▶ _THE DATA_:
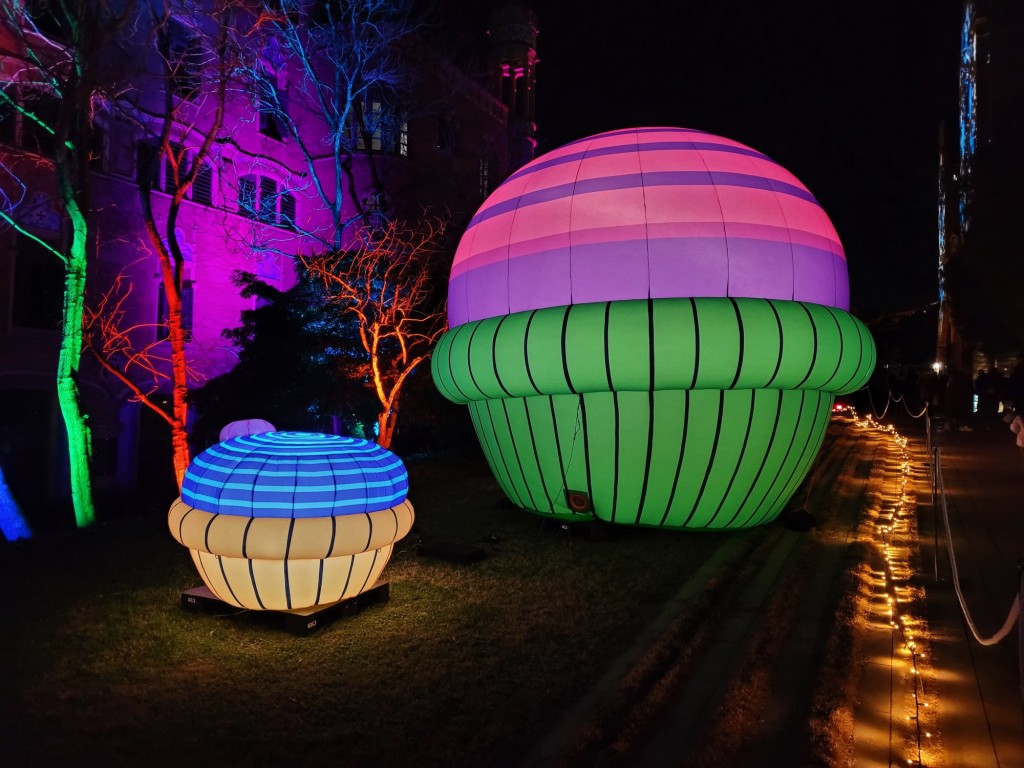 Foto: Luces en Sant Pau - Barcelona (Cataluña), España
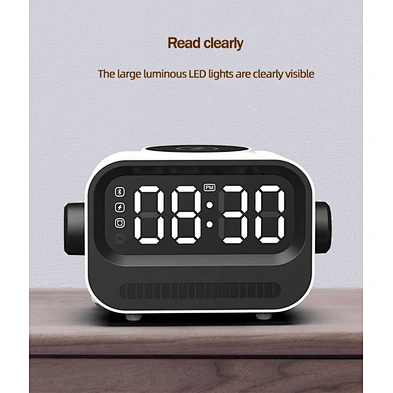 Speaker New Arrival 3 In 1 With High Quality Wholesale 15W Led Rgb Light Digital Alarm Clock Magnetic Wireless Charger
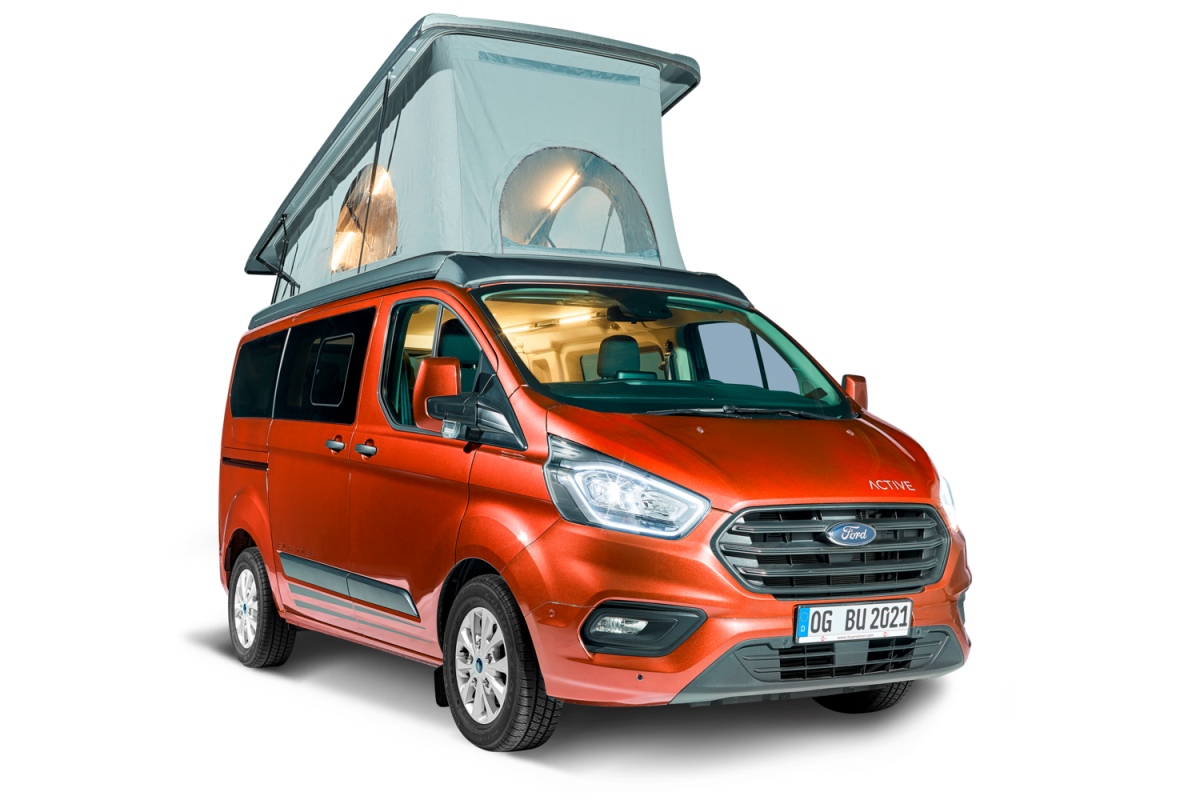 B rstner makes Ford van a flexible mini camper multitool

▶ _WHAT YOU WILL DO_:
When copying, output the data exactly and leave out the pictures.

▶ _TASK RESPONSE_:
 Foto: Luces en Sant Pau - Barcelona (Cataluña), España
 Speaker New Arrival 3 In 1 With High Quality Wholesale 15W Led Rgb Light Digital Alarm Clock Magnetic Wireless Charger
 B rstner makes Ford van a flexible mini camper multitool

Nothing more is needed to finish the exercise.